It’s true that “kickboxing” isn’t going to help a woman once she is on her back or stomach. But it will provide the skills necessary to avoid ending up there. And, it’s going to take “wrestling” of some sort to learn how to escape if she is there. Neither of those things…offensive and defensive stand up or ground skills…can be taught in a quick course. Or, I should say that the skills can’t be attained in a quick course. They require a good bit of training/time.
In theory, I agree that it would be better to teach a woman a few techniques than nothing at all. But again, unless a LOT of luck is involved, I think these few techniques will primarily provide a false sense of security. Women would probably be better off realizing they do not have sufficient training, and focusing 100% on awareness and prevention. OR, spending the time/energy it takes to learn the required skills. No offense here, but I think it’s a little bit like saying that believing in something is better than nothing, even if that something is false.
I DO think a person (male or female) can learn a lot about prevention in a short course, who and what to avoid, how to recognize it, etc., etc. That’s what I address on my prevention page, and to be honest, I think the material on that page is equal to or greater than anything that can be covered in a quick course. So I think a quick/short course on prevention can be extremely valuable, but I have yet to see a short course on physical self defense that I feel does more than give false hope…unless the participant realizes they need to go home and train the material consistently, and does it…with fully resisting/uncooperative partners.
Regardless, the primary point of what I’ve written about “women’s self defense” is that it shouldn’t differ much from “self defense”…it’s one and the same…unless it is BS or a marketing tactic.
Hello! About teaching women, I also teach women self-defense and to me, they are just like a nuke power navy submarines, they can deliver a strong strike, but cannot take a good hit. This is why submarine has to stay very quite and try to sneak up close before the other side can counter them. I think all women have the elements of surprise on their side for the first 30 sec’s to hit the bad guy with everything they have and then get the hell out of there. If they don’t get the job done at that time and stay around, it’s going to be that much hard in round two. Thank You All For Reading My Two Cents.
So true. And that can be an advantage, depending on intent of aggressor/s.
Inflicting death, prolonged suffering or kidnap, better to try to ensure an outcome than be helpless
die either by fighting or suicide. Never consent to being bound, or trust promises. Respect reality: men think differently & are super strong & fast.
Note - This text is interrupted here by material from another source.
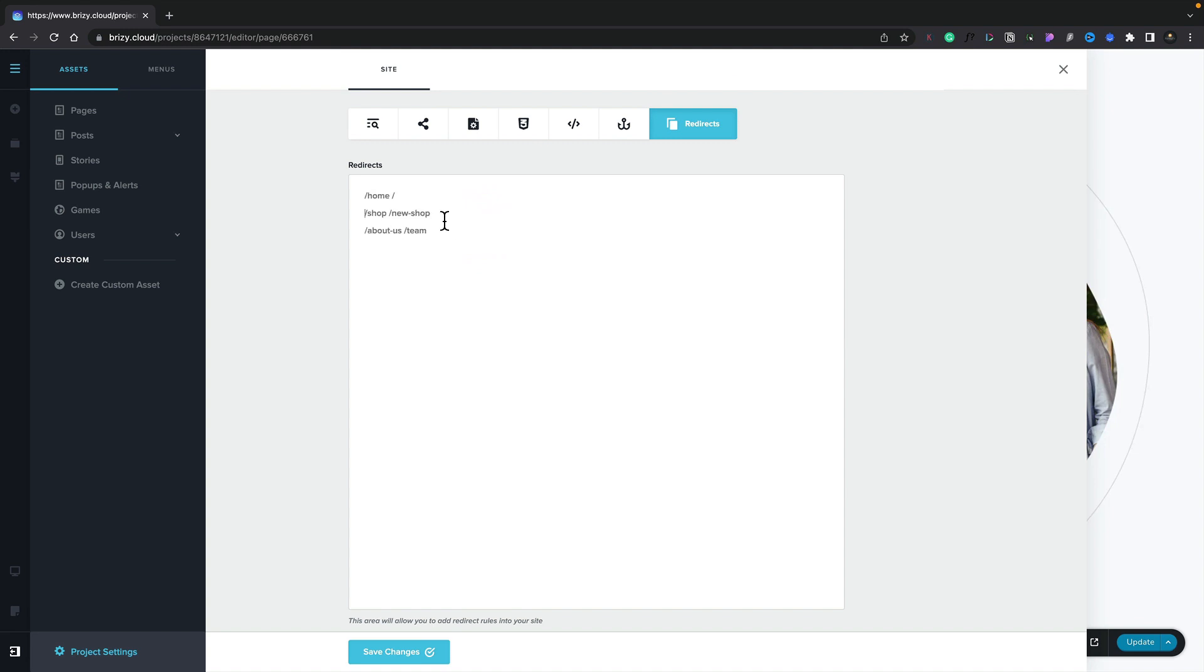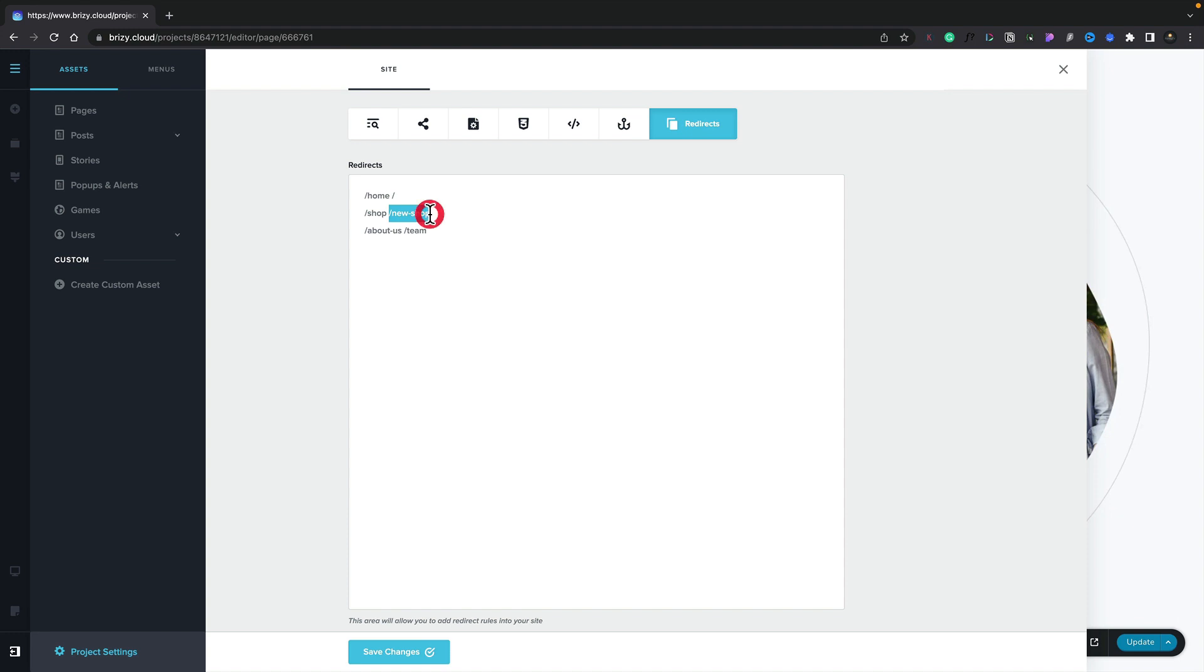So let me quickly explain how these redirects work. Let's take the shop as an example. You can see we've got a slash shop. Then we've got a space, another slash, new shop. The first one is the old URL, minus the domain. We leave a space, and then we set the new URL. In this example, new-shop. And that's all there is to it.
Flee, scream, try to keep them off balance, increase their perceived level of risk: ex loud as you can : DADDY,! , HELP, NO! GO! Leave me alone! Knife! Gun!
Convey information & commands! POLICE! HELP! Say Names, if known & how many! ,
Bang, push, throw. Don’t get trapped, distract& lead away from other potential targets, maintain distance
Chose to move through your fear, never let terror freeze you up,
underneath bodily fear, your mind is an thinking ally
Your body hurt, but only super intense pain or unconsciousness can stop your mind from processing ,critical Cues, , knowns, unknowns, options.
Stasis = opportunity forr predators.
sorry but this time I disagree. I think there is a lot of specifics which apply only to women, like the way they’re likely to be approached, the fact that thay will normally be smaller and weaker than their opponents and other parameters which are quite specific to a sexual aggresion. I do believe there is room for a separate approach to self defense between males and females. Of course you can find very small and weak men and very strong and big women, but those will be far from the average.
I 100% agree with the fact that a short course will only provide a false sense of security, and in this case I would say that the same thing applies to man and women. You cannot learn how to fight or to defend yourself in a weekend seminar. It will take you years, but, again, I would draw a different scenario for women and men. Those scenarios would have some common places, but they would essentially be different since most dangerous assaults for women (rapes) are different than those for men (stupid fights started for stupid reasons with potentially fatal consequences).
I have to say I really like your approach to self defense and all the information you offer on this topic, regardless we disagree in this specific point.
Keep up the good work 🙂
Cheers from Spain!
I think we’re just coming at this from different angles. I agree with the majority of what you have written, if not all of it. It’s true that women will often be approached differently, and that rapes are different from the typical bar fights that men get into. However, in the case of rape vs. a bar fight, I think you are comparing “apples and oranges” (if you are familiar with that saying). A rape is a very serious, horrible crime. A bar fight is pure stupidity and easily avoidable. Getting in a bar fight is not self defense, it’s just fighting. When I teach or discuss self defense, I am talking about legally justifiable self defense, and by physical self defense, I mean using physical techniques because there is *no* other option.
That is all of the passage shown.